I have noticed I tend to look back on challenging stretches of life and think, that wasn’t so bad. Time gives us a lens with the blurring stress filter removed, giving a romanticized picture of the seemingly lackluster moments you overlooked. When this appreciation comes, all those moments are far gone, wasted on a overextended and burnt out mind probably because something wasn’t working out exactly the way we wanted it to at the time.
I think maybe this is because romanticizing life can be a double edged sword. If given the freedom, it can insataiably feed expectations. Expectations that the future should respectively mirror the dreamy vision in your head, becoming strung out on every detail, inevitably leading to disappointment when the real moments do happen. Expectations precipitate apprehension, impatience, and restlessness. When one thing doesn’t work out, we look for the next best thing, the next hit of dopamine, the next illustrious, dream-fufilling moment – what we think will fill that apprehensive void dug out by our expectations.
We become bound to anticipating the next phase of life and blind to the intricacies of the current one. Waiting for time to provide us with rose colored glasses is effectively pressing fast forward through every phase; we don’t get a rewind button and surprise, surprise, the next phase brings headaches you never saw coming.
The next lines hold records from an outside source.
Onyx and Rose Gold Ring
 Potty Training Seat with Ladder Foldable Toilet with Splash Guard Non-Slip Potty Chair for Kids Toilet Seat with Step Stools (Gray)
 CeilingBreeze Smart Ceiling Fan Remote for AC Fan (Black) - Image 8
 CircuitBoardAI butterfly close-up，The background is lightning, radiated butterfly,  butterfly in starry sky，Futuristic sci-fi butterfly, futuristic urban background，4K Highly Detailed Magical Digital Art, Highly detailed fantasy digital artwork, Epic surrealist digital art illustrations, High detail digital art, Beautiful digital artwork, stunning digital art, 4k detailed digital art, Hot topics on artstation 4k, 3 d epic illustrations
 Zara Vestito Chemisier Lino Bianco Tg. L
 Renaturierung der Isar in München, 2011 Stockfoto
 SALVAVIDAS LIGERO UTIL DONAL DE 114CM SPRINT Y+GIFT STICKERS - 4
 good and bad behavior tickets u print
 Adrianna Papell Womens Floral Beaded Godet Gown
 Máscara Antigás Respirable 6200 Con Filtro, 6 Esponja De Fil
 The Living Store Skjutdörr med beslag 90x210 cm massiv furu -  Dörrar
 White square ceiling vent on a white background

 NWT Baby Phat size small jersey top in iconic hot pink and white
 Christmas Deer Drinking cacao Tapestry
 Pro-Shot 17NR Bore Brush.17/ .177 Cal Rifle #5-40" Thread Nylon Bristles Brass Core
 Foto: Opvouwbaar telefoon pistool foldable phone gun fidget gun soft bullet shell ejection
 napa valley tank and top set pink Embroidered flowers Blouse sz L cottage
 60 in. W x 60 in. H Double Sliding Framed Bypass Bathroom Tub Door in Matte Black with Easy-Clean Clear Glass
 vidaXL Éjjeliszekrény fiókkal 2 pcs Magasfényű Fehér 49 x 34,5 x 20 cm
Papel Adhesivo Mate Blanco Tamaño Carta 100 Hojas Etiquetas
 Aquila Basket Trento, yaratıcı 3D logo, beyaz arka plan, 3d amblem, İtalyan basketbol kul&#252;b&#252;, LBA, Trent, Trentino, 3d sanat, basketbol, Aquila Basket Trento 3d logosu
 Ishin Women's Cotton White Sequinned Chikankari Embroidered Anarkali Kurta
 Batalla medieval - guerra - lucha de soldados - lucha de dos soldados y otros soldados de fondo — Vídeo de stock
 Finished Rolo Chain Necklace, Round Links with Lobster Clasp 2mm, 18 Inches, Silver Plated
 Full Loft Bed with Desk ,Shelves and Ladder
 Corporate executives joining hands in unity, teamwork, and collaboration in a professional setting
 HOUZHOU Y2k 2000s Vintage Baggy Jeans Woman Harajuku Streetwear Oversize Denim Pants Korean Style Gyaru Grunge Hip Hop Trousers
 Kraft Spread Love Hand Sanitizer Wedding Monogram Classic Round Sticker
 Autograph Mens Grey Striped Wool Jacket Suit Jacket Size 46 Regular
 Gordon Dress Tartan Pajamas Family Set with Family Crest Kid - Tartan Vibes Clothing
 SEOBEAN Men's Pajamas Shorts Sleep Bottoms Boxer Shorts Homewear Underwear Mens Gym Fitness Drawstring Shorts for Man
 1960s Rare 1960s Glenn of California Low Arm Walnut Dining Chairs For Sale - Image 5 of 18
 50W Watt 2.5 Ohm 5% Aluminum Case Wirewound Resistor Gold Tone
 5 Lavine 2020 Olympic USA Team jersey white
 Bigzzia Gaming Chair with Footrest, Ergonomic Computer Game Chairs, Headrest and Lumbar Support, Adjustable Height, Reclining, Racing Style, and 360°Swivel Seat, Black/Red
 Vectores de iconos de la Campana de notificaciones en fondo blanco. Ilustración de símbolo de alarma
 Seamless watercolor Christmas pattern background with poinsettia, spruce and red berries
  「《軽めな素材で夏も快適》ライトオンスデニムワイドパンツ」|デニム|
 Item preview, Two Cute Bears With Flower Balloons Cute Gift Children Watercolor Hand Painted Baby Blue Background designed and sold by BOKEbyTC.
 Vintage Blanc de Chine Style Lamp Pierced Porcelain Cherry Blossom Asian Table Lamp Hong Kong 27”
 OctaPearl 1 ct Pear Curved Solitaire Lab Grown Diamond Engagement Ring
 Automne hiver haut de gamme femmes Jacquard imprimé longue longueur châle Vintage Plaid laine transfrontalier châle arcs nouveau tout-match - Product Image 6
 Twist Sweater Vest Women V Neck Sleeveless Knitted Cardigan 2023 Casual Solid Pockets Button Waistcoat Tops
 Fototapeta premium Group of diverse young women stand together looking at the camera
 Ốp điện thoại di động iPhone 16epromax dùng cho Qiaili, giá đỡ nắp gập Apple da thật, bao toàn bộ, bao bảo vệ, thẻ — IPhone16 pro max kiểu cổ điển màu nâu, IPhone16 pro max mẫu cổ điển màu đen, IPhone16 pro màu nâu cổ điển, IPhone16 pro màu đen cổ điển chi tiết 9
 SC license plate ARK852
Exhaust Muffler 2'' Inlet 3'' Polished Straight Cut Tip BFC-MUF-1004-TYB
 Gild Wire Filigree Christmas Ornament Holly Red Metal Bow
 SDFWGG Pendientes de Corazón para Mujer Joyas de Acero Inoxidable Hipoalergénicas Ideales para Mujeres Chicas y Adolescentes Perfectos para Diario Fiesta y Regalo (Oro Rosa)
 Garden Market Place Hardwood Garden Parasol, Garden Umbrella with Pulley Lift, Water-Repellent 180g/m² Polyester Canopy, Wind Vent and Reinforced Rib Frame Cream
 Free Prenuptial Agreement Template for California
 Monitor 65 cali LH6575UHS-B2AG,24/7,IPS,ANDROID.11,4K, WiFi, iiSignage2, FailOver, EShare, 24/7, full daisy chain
When the unexpected makes its due entrance, the sparkly, perfect, but entirely unrealistic expectation has to be released.
Resist the urge to fast forward, rather zoom out and reframe. Slowing down, being present, watching the sunrise and sunset, noticing the moon, reminding yourself you are grounded on this earth and enjoying existence as it comes. Letting each laugh, smile, conversation carry the weight it deserves, allowing yourself to romanticize the here and now but not letting it run rampant into what tomorrow will bring.
The luster that catches our eye on something shiny and new is superficial – it always fades. Life happens in any way it wants to, regardless of your expectation of it, it is here where those seemingly lackluster, routine, ordinary moments become the brightest radiations in our memory.